Databricks lakehouse a secret weapon for WNBA’s Fever

by Pelican Press
2 views 15 minutes read

Databricks lakehouse a secret weapon for WNBA’s Fever

Caitlin Clark and the Indiana Fever were a significant part of what was one of the most electrifying seasons in Women’s National Basketball Association history.

Databricks and its lakehouse platform for data management and analytics, conversely, was a key part of what helped the Fever to their most successful season since 2016.

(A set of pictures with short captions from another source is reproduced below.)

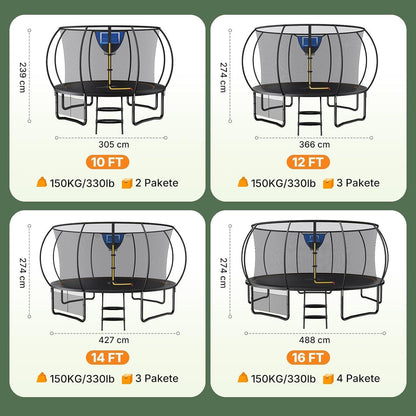 Outdoor Trampolin mit Sicherheitsnetz & Basketball 427cm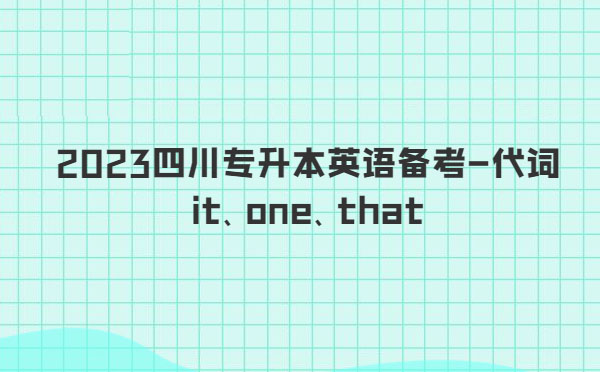 2023四川專升本英語備考-代詞it、one、that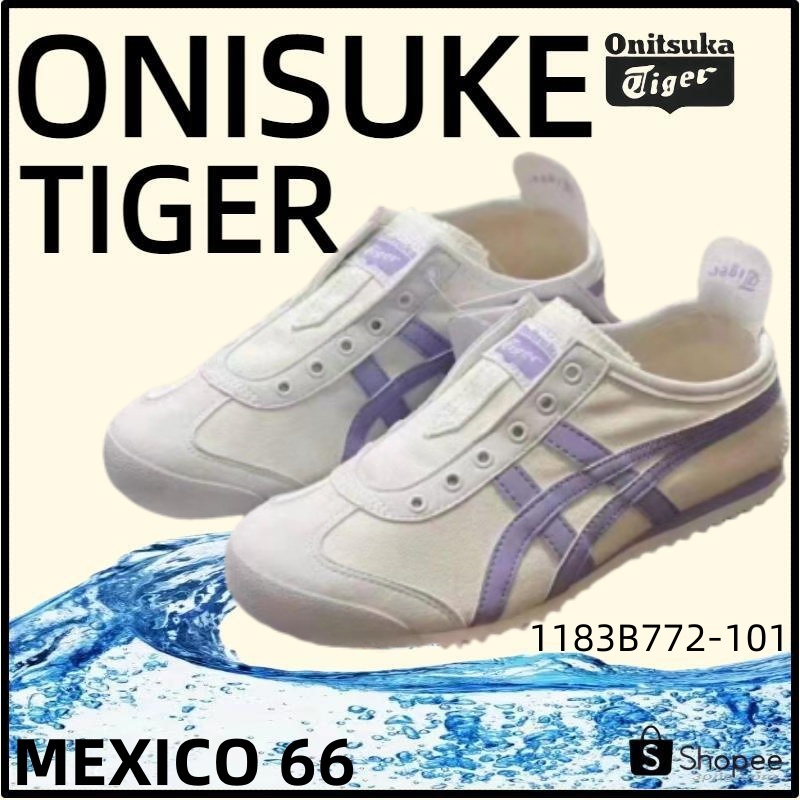 【ของแท้ 100%】Onitsuka Tiger Mexico 66 โอนิซึกะไทเกอร์ White/Purple 1183B772-101 Low Top slip-on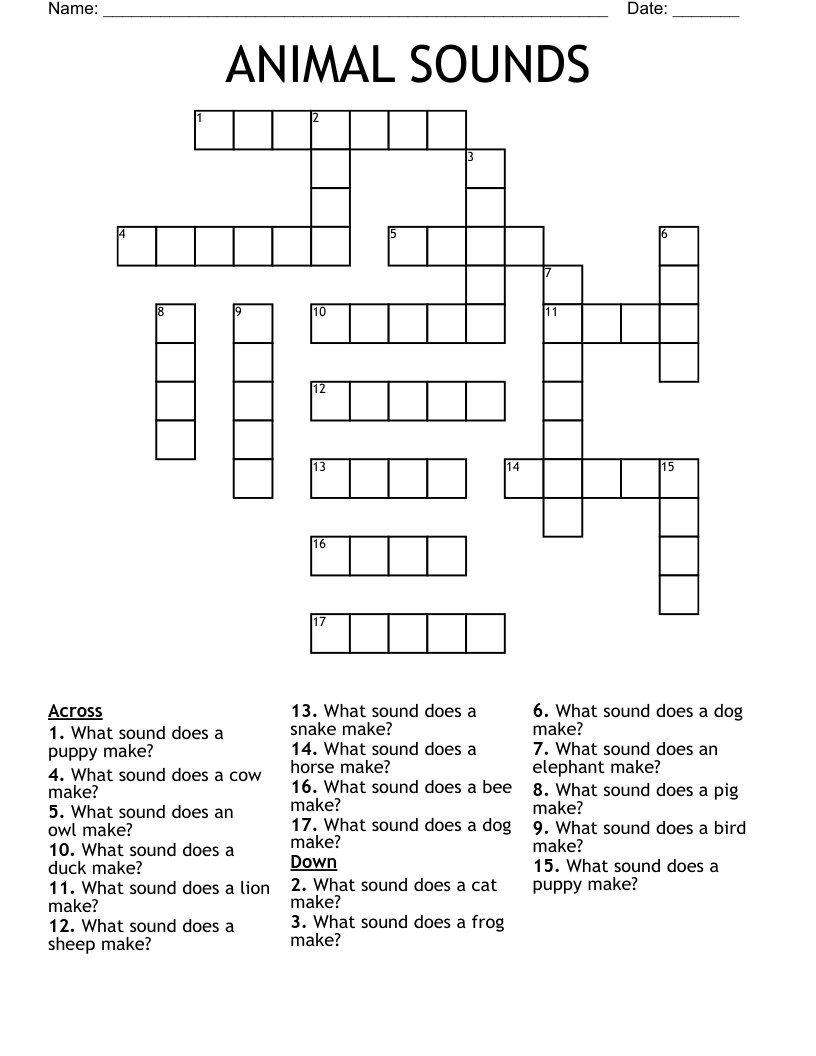 ANIMAL SOUNDS Crossword WordMint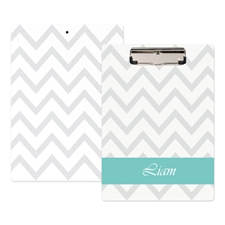 Grey Chevron Personalized Clipboard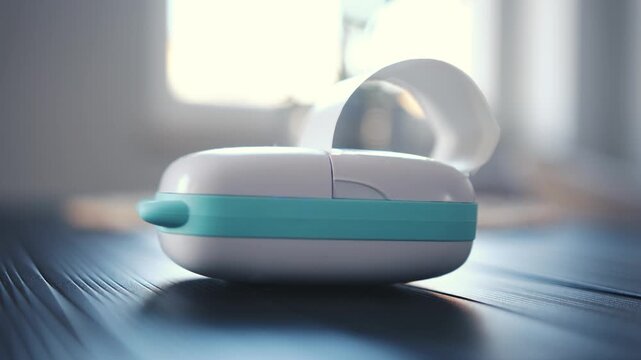 Portable Mini Children Sticker Printer Working On A Table At Home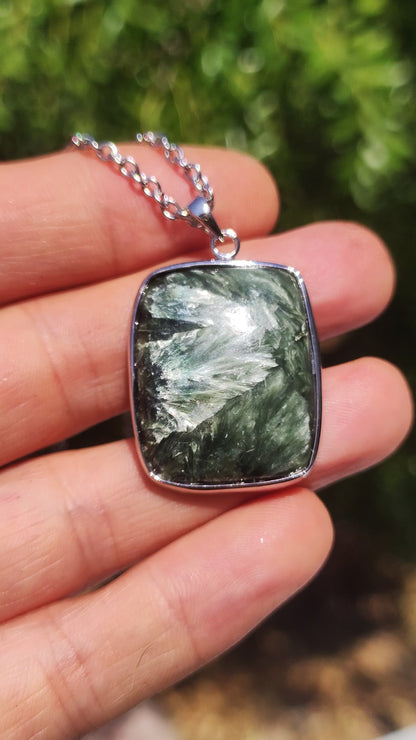 Seraphinite / Serafinite / Clinochlore 925 Sterling Silver Gemstone Necklace Green Natural Healing Stone Rarity Crystal Man Woman He She Gift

Clark, who recently finished a record-setting rookie season with the Fever, is perhaps best known for draining long-range shots and making spectacular passes. Her 769 total points (19.2 per game) and 337 assists (8.4 per game) set league records for a rookie — so did her 223 turnovers. And she helped the Fever improve from 13-27 in 2023 to 20-20 in a 2024 season that ended last Sunday night with the New York Liberty topping the Minnesota Lynx for the Women’s National Basketball Association (WNBA) championship.

But her performance, and the Fever’s success, weren’t mere happenstance. They weren’t just the result of a generational player joining the team and the team becoming more successful.

In the background of both Clark’s success as well as the Fever’s overall improvement was Databricks’ lakehouse platform, which enabled the Fever to view and analyze data in ways previously impossible.

In a sense, Clark’s arrival this past season was fortuitous timing.

Pacers Sports & Entertainment — owner of the Fever along with the NBA’s Indiana Pacers, Gainbridge Fieldhouse where the Fever and Pacers play, the Indiana Mad Ants of the NBA’s G League and minor league baseball’s Reno Aces — only started using Databricks in April 2022.

Before that, the organization’s data was an untidy muddle of myriad systems and isolated data, according to Jared Chavez, Pacers Sports and Entertainment’s manager of data engineering and strategy.

“There was no crossover,” he said.

Clark’s arrival certainly would have had some impact on the Fever’s success regardless of how well the team could analyze data and use it to inform its on-court performance.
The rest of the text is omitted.